Introdução

A morte de Edison Arantes do Nascimento, Pelé, é um desses raros momentos que parece reunir pessoas diferentes e que de certa forma para o tempo. Claro, todas as vidas são importantes e a solidariedade nas perdas é parte de nossas constituições sociais, mas há pessoas que transcendem esse ato. Pelé é um deles. Um símbolo de um esporte, mas também de uma nação que foi se construindo ao longo do século XX.
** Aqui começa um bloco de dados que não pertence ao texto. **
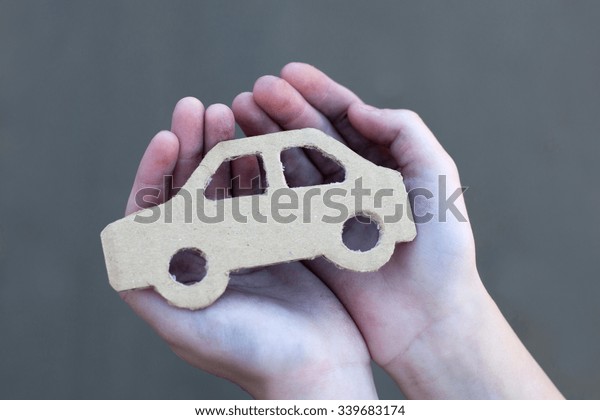 young homeless boy holds a cardboard car, dirty\
hand, dream concept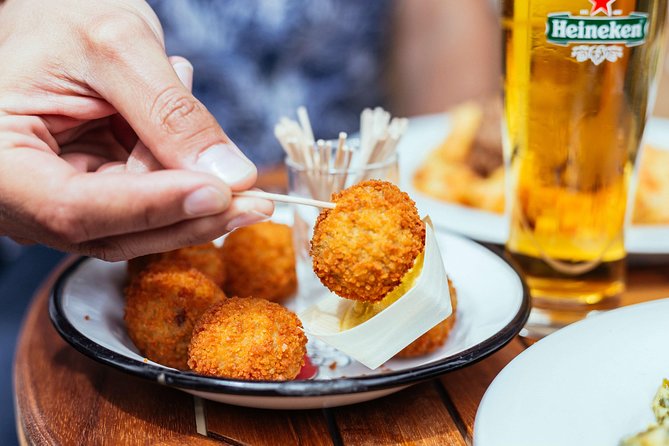 Amsterdam Private Food Tour with Local Including 6 or 10 Tastings - The cafe moment in the Pijp area: drinks, stories, and a breather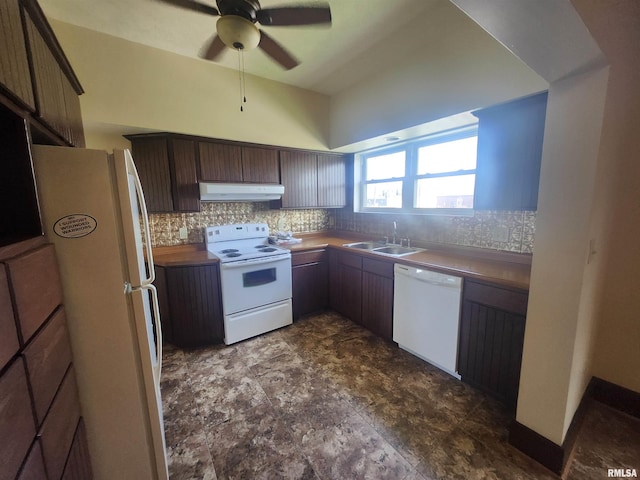 kitchen featuring under cabinet range hood, white appliances, a sink, and tasteful backsplash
Como historiador não posso cometer o pecado capital de atribuir a um indivíduo uma importância sobre-humana. Fazer como aqueles carcomidos chavões de que “tal pessoa estava à frente do seu tempo”. Ninguém está ou é posterior ao seu tempo, pelo contrário, é fruto dele, de suas tensões, de suas emoções, de suas incoerências e de seus signos. Portanto, Pelé é parte do seu tempo, mas é também eterno. Parece uma antítese, mas permitam-me explicar.

Representação Esportiva

Pelé é o maior atleta do futebol de todos os tempos. Afirmo isso numa constatação subjetiva – e de segunda mão, já que nunca vi ele jogar –, mas também recorrendo ao que temos de produção, de dados. Os números e as conquistas como jogador são extremamente relevantes e que mesmo alcançadas por atletas contemporâneos, demonstram a sua excepcionalidade. Um/uma atleta tem que ser analisado dentro do momento em que atuava, pois, cada jogo muda muito ao longo do tempo e fugir disso é anacronismo – outro erro que eu não posso cometer enquanto historiador.
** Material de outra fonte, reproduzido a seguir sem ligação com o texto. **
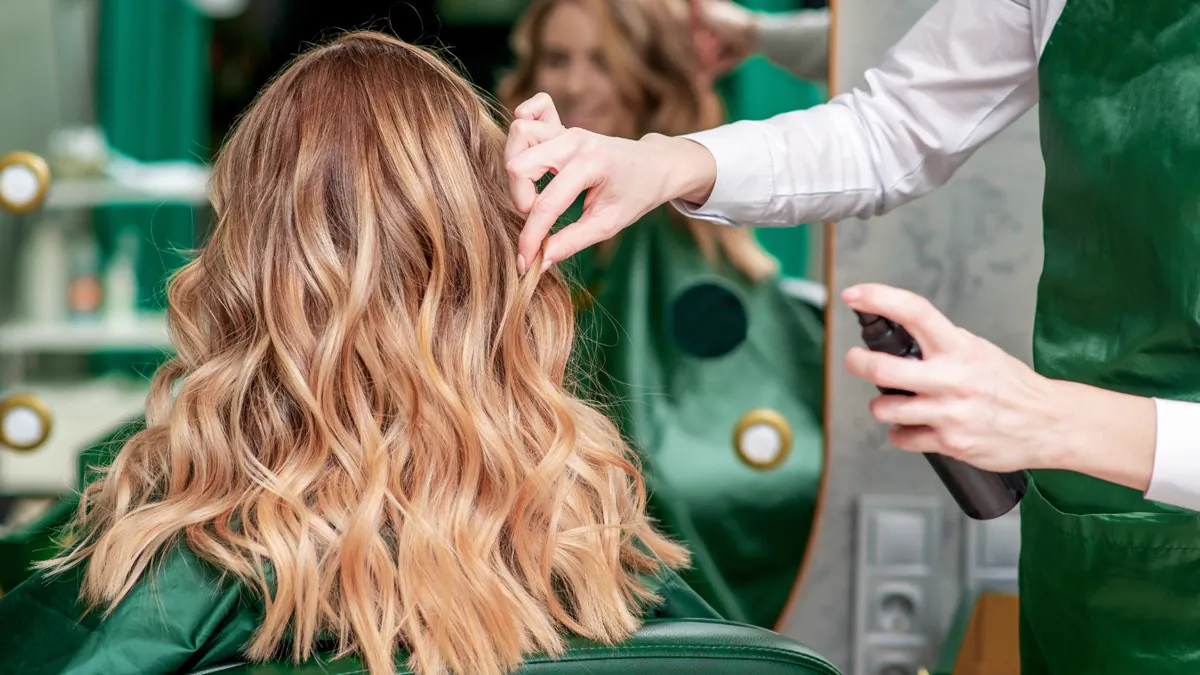 Coiffeuse réalisant un balayage et une mise en forme en salon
Quando jogou pelo Santos e pela Seleção Brasileira, Pelé foi dominante. Para quem trouxer a contestação de que muitos jogos não eram oficiais, vale lembrar que era outro momento do futebol, em que torneios amistosos, excursões internacionais e campeonatos regionais eram muito mais significativos do que grandes eventos internacionais. Ser campeão do Campeonato Paulista era relevante, pois era esse o principal campeonato a ser disputado durante anos, assim como o Torneio Rio-São Paulo. Com a evolução da mobilidade os campeonatos nacionais e internacionais ganharam fôlego. É preciso reconhecer essa estrutura de campeonatos:  jogar a Libertadores não era o grande objetivo e um time sul-americano era tão competitivo quanto um time europeu.
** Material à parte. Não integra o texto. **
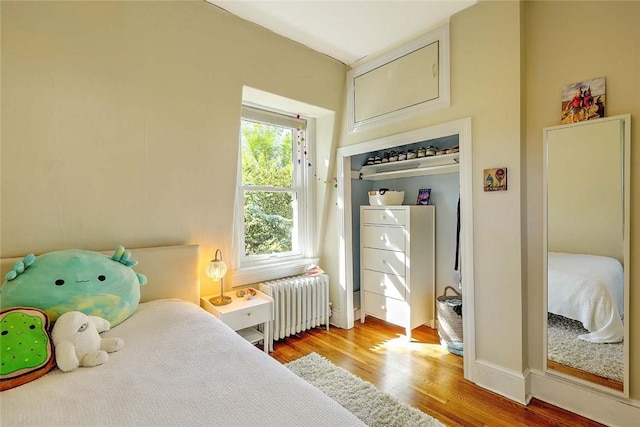bedroom with radiator heating unit and wood finished floors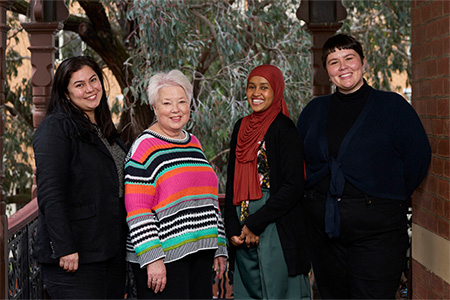 four women smiling in the direction of the camera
Há questões do jogo de Pelé que também são importantes e precisam ser sempre lembradas. Li que ele é um dos inventores do futebol moderno, me assustei com a afirmação, mas acho que ela tem algum sentido sim. Além de qualidade física notórias, havia ali uma compreensão do jogo, não apenas pelo bom uso da técnica, mas da tática, das regras, do psicológico. Não apenas finalizador, driblador, goleador, mas também marcador, tencionador e propositor. O exercício sempre lúdico de pensar como seria ele nos campos do século XXI só é possível pela sua importância de domínio de estrutura do jogo.

Pelé
Foto: reprodução

Representação Social

E não é apenas do futebol que eu gostaria de justificar meu selo de eternidade. Eu queria pensar no que representa – e falo no presente porque a morte da pessoa não significa o fim da sua representação social. Pelé é personagem principal de alguns dos nossos grandes dilemas enquanto nação em construção.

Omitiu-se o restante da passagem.